Server monitoring isn’t just about watching CPU go up and down. For a Hytale server, you want visibility into three distinct layers - each telling you something different about what’s happening.

System Metrics

The foundation. These tell you whether your hardware is keeping up:

  • CPU usage - sustained high CPU usually means either too many players for your hardware, or a plugin doing something expensive every tick
  • Memory (RAM) - how much your OS is actually using vs. what’s available, independent of the JVM
  • Disk I/O - world saves and chunk loading hammer the disk. NVMe helps, but you still want to know when I/O wait spikes
  • Network throughput - bandwidth and packet rates, especially important since Hytale uses QUIC (UDP)

JVM Metrics

Hytale runs on the JVM, so you need JVM-specific telemetry on top of system metrics. This is where most game server admins stop too early:

  • Heap usage - how much of your allocated -Xmx is actually in use. Normal heap usage follows a sawtooth pattern - climbing as objects are allocated, then dropping when GC runs. What matters is the post-GC floor: if the heap doesn’t drop below 70% after a full GC, you’re either undersized or leaking objects
  • Garbage collection - GC pause duration and frequency. Long GC pauses are the number one cause of server “hitches” that players feel as lag spikes
  • Thread count - helps spot thread leaks from plugins or runaway async tasks
  • Class loading - useful for debugging plugin load/unload cycles

Game Metrics

The layer closest to player experience:

  • TPS (ticks per second) - the server’s heartbeat. Hytale targets 20 TPS. Drops below that mean the server can’t keep up and players feel lag
  • MSPT (milliseconds per tick) - how long each tick takes to process. Needs to stay under 50 ms to maintain 20 TPS. Spikes here point to specific bottlenecks
  • Player count - trend over time, not just a snapshot. Correlate player spikes with resource usage to plan capacity
  • Server status - is the server reachable? How long has it been up? Tools like OneQuery expose this data over UDP for lightweight polling

These three layers together give you the full picture. System metrics alone won’t tell you about GC pressure, JVM metrics alone won’t show disk saturation, and neither will tell you how many players were online when things went sideways.


The Monitoring Stack

We’re using four components, all open-source:

ComponentRolePort
PrometheusScrapes and stores time-series metrics9090
Node ExporterExports system metrics (CPU, RAM, disk, network)9100
JMX ExporterExports JVM metrics from the Hytale server process9225
GrafanaDashboards and visualization3000

Prometheus pulls metrics from exporters on a schedule (every 15 seconds by default), stores them in its time-series database, and evaluates alerting rules. Grafana connects to Prometheus as a data source and renders dashboards. No agents, no cloud dependencies, no vendor lock-in.

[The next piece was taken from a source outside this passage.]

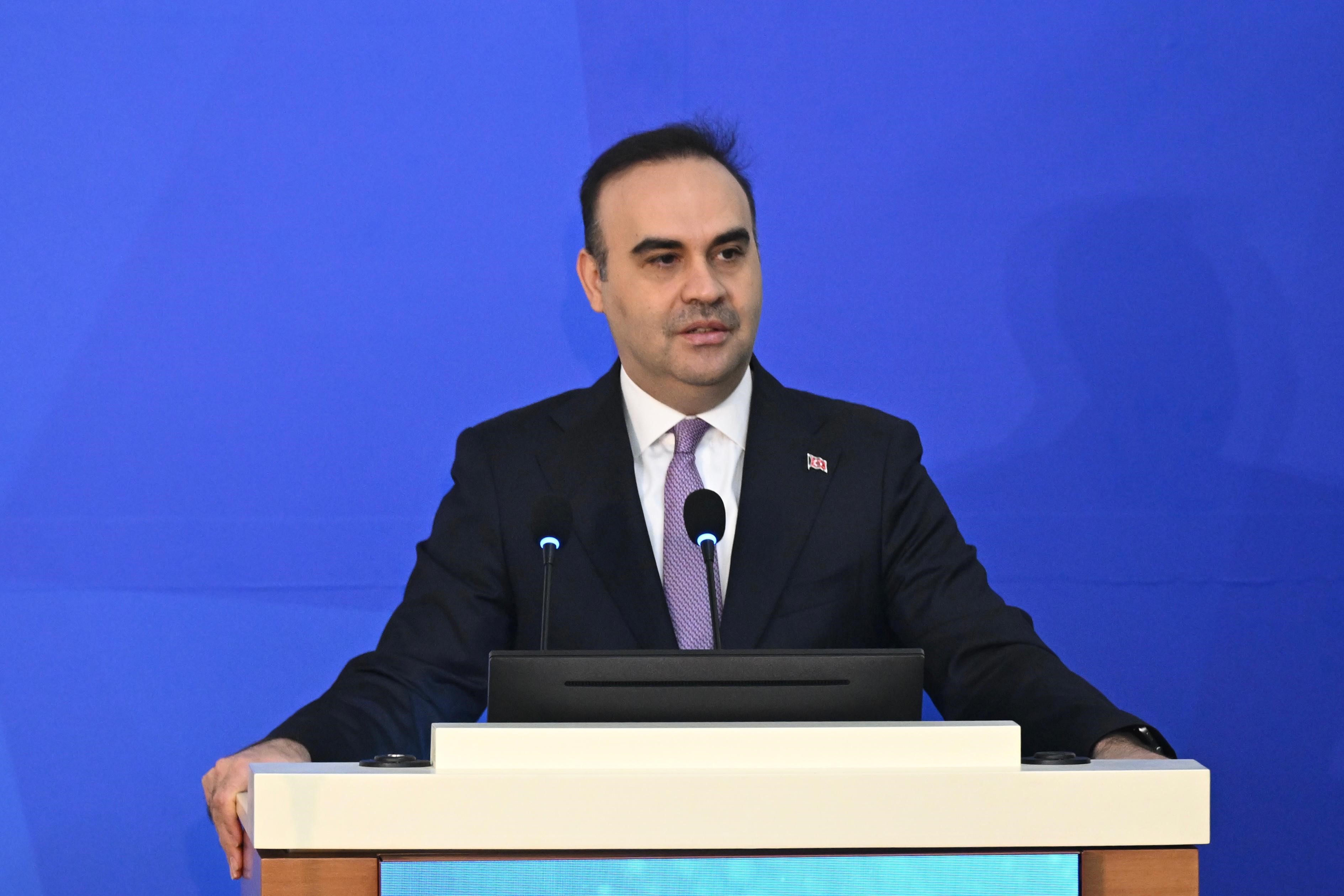 İstanbul- Bakan Kacır: Otomotiv ihracatımız 41,5 milyar dolarla rekor tazeledi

Where to run what: Node Exporter and JMX Exporter belong on the game server - they’re lightweight and need local access to system and JVM metrics. Prometheus and Grafana should ideally run on a separate machine. Prometheus writes to disk constantly (WAL, TSDB compaction) and Grafana adds its own memory footprint. On a game server where you want every CPU cycle and every disk IOPS going to the game, that’s unwanted contention. A cheap VPS or a spare machine on your network works fine - Prometheus just needs network access to scrape the exporters. If you only have one machine, the setup still works, but be aware of the tradeoff and keep an eye on disk I/O.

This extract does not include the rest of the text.